When a person needs to take medication to treat a condition or ailment, that patient typically does so with the good faith belief that the medication is going help rather than cause greater harm. Unfortunately, medication errors can and do occur, and when they do, the patient is often left facing injuries. These errors occur for many reasons. In some cases, the individual health care provider overseeing the patient’s care may make a mistake. This may include a physician, nurse, or pharmacist. Similarly, medication errors may occur when the patient themselves do something to cause the error.
Common Examples of System and Organizational Failures Leading to Medication Errors
When an error occurs during the chain-of-events leading up to the administration of medication to a patient, this is known as a systemic or organizational failure. These types of failures can happen for a wide variety of reasons. Examples of systemic or organizational failures that can lead to medication errors include the following:
- The patient information is unavailable or inaccessible. As a result, the person administering the medication may not have access to the patient’s health status, illnesses, laboratory test results, current medications list, or known drug allergies. The patient may receive the wrong medication or the wrong dosage of a medication due to this lack of information. The health care provider may also be unable to crosscheck the medication with the patient’s history or current medical status to watch for warning signs of potential harm.
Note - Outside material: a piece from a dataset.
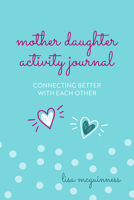 Mother Daughter Activity Journal: Connecting Better with Each Other (Mother Daughter Daily Journaling) 1642505803 Book Cover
- The patient’s medication orders are handwritten and illegible, contain misspellings, contain abbreviations, are incorrect, or are incomplete. When any of these scenarios arise, the persons responsible for assembling and administering the medication may be unaware that they are taking actions that could lead to harm in the patient.
- The person in charge of administering or gathering the medication lacks sufficient knowledge about the medication at hand. This may lead to the person administering an improper dose of the medication or failing to catch or look for potential adverse interactions between medications.
- The process for administering the drug is faulty. For example, the medication may be given at the incorrect time, via an incorrect route, or the wrong medication may be given as opposed to the medication that was prescribed by the attending physician. Similarly, medication may be administered to the wrong patient.
As described in the examples above, a system or organization failure that leads to harm caused by medication errors results from the quality of the process in place with regard to medication ordering and administration. In fact, medication errors may occur more frequently as a result of poorly designed processes or faulty systems rather than the incompetence or mistake of medical practitioners.
How System Failures Can Be Avoided With Regard to Medication
- Hospitals and other health care facilities can include a pharmacist on medical rounds. When this occurs, errors can often be significantly reduced.
- Guidelines and protocols can be standardized across various fields. For example, the specialty of anesthesia has adopted these standardized guidelines and has since significantly reduced the error rates involved in the anesthesia process.
- The equipment used in hospitals and other health care facilities can be standardized based on the type of care being administered. The more standards that are put in place, the lesser the likelihood of an error occurring.
- Technology can be incorporated into systems and processes to help reduce the chance of a medical error occurring. For example, some hospitals now use handheld, wireless computer technology and barcoding. As a result, errors are dramatically reduced.